Il y eut de l'agitation autour de nous, puis le silence. Il n'y eut plus que le son du vent qui soufflait dans les feuillages des arbres et des oiseaux qui chantaient du haut de leurs branches.
— Elles nous ont vraiment laissées ici, toutes seules ? paniqua Téa. Mais qu'est-ce qu'on va faire ? Tu saurais retrouver le chemin jusqu'à la cabane, Elia ?

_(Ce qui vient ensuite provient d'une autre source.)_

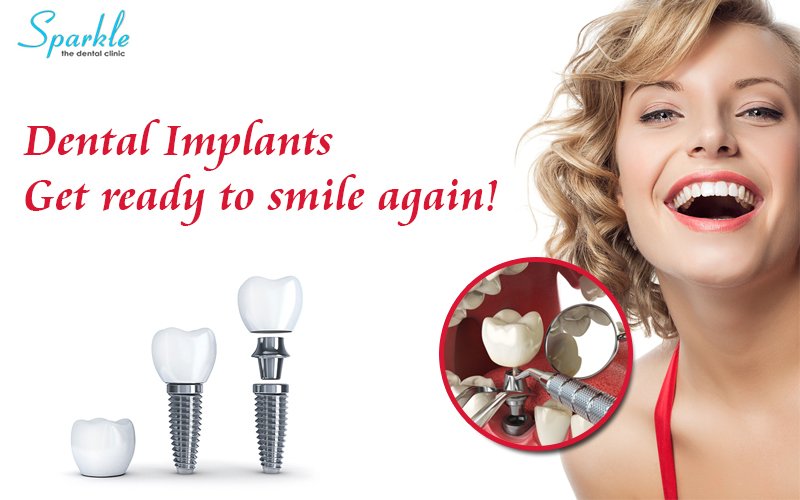 Not just your body, now your teeth can also be in shape! How? Dental implants from Sparkle is the answer. So, visit us for the best dental implant solutions. #Appointment -9730987134 Visit:- sparkledentalclinic.com  #dentists  #dental #inmanaligner #kalyaninagar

— Je ne sais pas du tout... De toute façon, la consigne est claire, non ? Il faut les attendre, alors faisons comme elles ont dit.
Une goutte tomba sur le bout de mon nez, puis une autre sur ma joue.
— Évidemment, il fallait qu'il se mette à pleuvoir, râla Hannah.
Je restai en position assise et tentai de me concentrer sur ce que je ressentais autour de moi. J'avais eu le temps d'établir ma petite théorie concernant le fait qu'on nous enlève notre vue. Reed m'avait expliqué, quand j'avais appris pour ses pouvoirs, qu'il en tirait leurs sources dans toute la nature qui l'entourait. Aussi, j'étais assez persuadée désormais que si ces sorcières nous avaient rendues aveugles, c'était pour nous forcer à communier avec les éléments qui nous environnaient. Privées de notre vue, nous étions obligées de nous en remettre à notre ouïe ainsi qu'à notre toucher, à faire plus attention à une multitude de petits détails à côté desquels nous serions sûrement passées en tant normal. J'étais donc assez convaincue que si leur cérémonie marchait, nous récupèrerions notre sens perdu à ce moment-là. Mais est-ce que nous aurions toutes des pouvoirs ? Était-ce aussi facile que ça de nous « transformer » ?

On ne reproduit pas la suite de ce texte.